**Task material:**
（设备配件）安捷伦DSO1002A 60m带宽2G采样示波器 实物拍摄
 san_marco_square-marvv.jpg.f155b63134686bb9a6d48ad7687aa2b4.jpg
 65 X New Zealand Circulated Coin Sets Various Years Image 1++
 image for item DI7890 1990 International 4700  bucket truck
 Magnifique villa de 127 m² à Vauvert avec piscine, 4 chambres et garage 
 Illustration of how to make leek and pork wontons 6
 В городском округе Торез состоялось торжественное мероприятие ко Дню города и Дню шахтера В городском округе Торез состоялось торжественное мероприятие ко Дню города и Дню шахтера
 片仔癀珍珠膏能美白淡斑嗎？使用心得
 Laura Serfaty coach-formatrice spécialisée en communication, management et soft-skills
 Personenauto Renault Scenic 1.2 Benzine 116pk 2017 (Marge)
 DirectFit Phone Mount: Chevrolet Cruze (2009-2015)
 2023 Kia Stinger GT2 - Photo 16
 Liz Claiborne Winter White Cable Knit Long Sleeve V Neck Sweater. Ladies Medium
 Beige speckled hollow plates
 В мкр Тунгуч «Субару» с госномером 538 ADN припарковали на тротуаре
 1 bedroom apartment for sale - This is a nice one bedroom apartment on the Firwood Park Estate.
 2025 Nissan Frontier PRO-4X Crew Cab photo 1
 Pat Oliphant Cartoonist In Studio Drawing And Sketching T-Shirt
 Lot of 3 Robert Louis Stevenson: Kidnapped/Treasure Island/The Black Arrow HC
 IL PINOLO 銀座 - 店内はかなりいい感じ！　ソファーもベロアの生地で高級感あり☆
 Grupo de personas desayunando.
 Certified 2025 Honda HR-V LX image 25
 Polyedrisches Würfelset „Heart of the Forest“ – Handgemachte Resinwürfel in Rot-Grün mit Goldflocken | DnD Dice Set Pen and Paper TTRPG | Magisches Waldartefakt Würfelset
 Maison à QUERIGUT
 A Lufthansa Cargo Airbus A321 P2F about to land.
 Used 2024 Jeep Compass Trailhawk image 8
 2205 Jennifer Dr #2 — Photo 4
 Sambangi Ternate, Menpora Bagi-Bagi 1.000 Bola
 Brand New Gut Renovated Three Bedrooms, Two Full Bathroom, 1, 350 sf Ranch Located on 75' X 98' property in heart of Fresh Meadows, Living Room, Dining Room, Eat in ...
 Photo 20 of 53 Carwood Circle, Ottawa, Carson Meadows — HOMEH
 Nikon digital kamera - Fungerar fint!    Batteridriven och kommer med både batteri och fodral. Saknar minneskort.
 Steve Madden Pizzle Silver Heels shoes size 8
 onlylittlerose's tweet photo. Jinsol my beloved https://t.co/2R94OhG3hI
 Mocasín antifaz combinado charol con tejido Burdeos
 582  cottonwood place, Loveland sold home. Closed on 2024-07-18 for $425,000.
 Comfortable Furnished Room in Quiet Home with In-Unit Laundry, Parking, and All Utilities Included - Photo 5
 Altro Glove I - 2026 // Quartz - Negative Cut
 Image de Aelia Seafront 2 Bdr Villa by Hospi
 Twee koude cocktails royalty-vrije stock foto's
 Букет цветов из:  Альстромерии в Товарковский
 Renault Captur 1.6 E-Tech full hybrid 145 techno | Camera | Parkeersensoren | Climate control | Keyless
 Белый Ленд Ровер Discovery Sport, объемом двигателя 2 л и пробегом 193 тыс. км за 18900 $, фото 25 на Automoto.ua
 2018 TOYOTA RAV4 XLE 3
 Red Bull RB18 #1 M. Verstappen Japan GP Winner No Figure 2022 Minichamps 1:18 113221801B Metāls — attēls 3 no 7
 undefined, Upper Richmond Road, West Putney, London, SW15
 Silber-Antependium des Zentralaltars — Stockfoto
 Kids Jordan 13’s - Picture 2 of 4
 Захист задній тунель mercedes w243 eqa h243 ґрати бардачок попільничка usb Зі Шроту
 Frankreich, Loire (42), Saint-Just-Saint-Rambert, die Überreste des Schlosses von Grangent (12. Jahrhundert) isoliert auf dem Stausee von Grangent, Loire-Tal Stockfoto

**What you need to do:**
Report back every line of the entries in which "Meadows" occurs.

**Result of the task:**
 Brand New Gut Renovated Three Bedrooms, Two Full Bathroom, 1, 350 sf Ranch Located on 75' X 98' property in heart of Fresh Meadows, Living Room, Dining Room, Eat in ...
 Photo 20 of 53 Carwood Circle, Ottawa, Carson Meadows — HOMEH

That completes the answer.